Patton concluded, “As a lecturer at a public institution bound by the First Amendment, Klein has significant rights to manage the content and direction of his course, and his disagreement with the students’ reasoning in the email at issue in this case does not amount to harassment or unlawful discrimination.”
Additional support for Klein has come in the form of a second Change.org petition, this one calling for “Justice for UCLA Professor Gordon Klein.” The new petition has garnered more than 60,000 signatures since it was created, three times more than the original petition calling for Klein to be fired, which had more than 21,000 signatures at the time of publication of this story.
“What Professor Klein said was not filled with racism, yet he was targeted and doxed, perceivably threatened and called a racist by people across the country,” the petition supporting Klein reads. “It is a much better lesson for students that there is always room to grow and learn, overcome any bias instead of a lesson that one mistake will cause you your entire job, career, livelihood.”
The UCLA Undergraduate Students Association Council spoke out against Klein, however. A statement, which was signed by leaders of the USAC, Afrikan Student Union, and many other student organizations, alleged that “Klein blatantly and indignantly invalidated his students’ concerns,” adding that Klein “made multiple problematic statements, one after the other, within the length of the email.”
The USAC’s letter went on to say that Klein’s email, “twisted Martin Luther King Jr.’s words to validate his insensitive and demeaning response.”
Klein’s original email had questioned whether a policy that graded black students differently might “run afoul of MLK’s admonition” that people “should not be evaluated based on the ‘color of their skin.’”
“UCLA’s Undergraduate Campus Leadership stands by UCLA administration’s choice to suspend Professor Klein,” the statement declared. “Further, we call for complete termination of Klein from his position. It is our sincere hope that the University remembers the words it delivered to its students, staff and faculty that Black lives do matter, and that they begin to honor these statements by properly protecting students and holding faculty accountable.”
The UCLA Young Democratic Socialists were one of many student organizations to endorse the statement.
However, the Bruin Republicans at UCLA issued a rebuttal of the student association’s letter on the organization’s Facebook page.
“The mob at UCLA has set its target on Professor Klein to destroy his reputation and livelihood,” the organization said in a post. “Cancel culture is alive and well but nothing we haven’t seen before.
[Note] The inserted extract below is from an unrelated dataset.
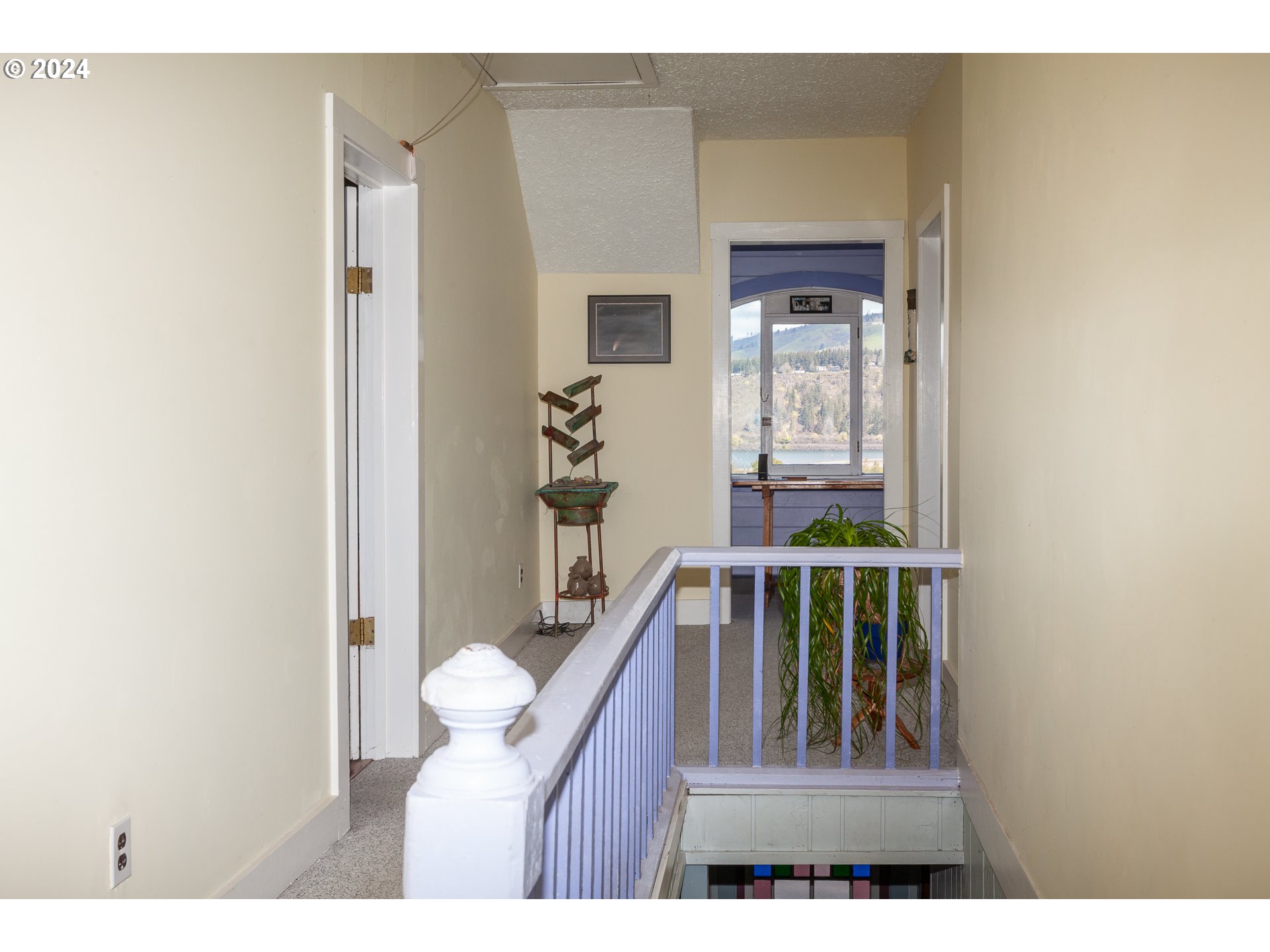 1 State Street Hood River, OR 97031 - Photo 26 of 47 a view of entryway with wooden floor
It’s interesting to note that all of our student government UCLA’s Undergraduate Students Association Council (USAC) signed onto this letter,” the post continued, “which shows how dogmatic their ideology is.”
To conclude, the Bruin Republicans wrote, “this type of cancel culture ruins academia. If you say the wrong thing or come to the wrong conclusion, suddenly your entire career is over. UCLA should reinstate Professor Klein to show that they stand for free speech. The suspension was wrong and it should be overturned.”
The USAC did not respond to requests for comment at the time of publication.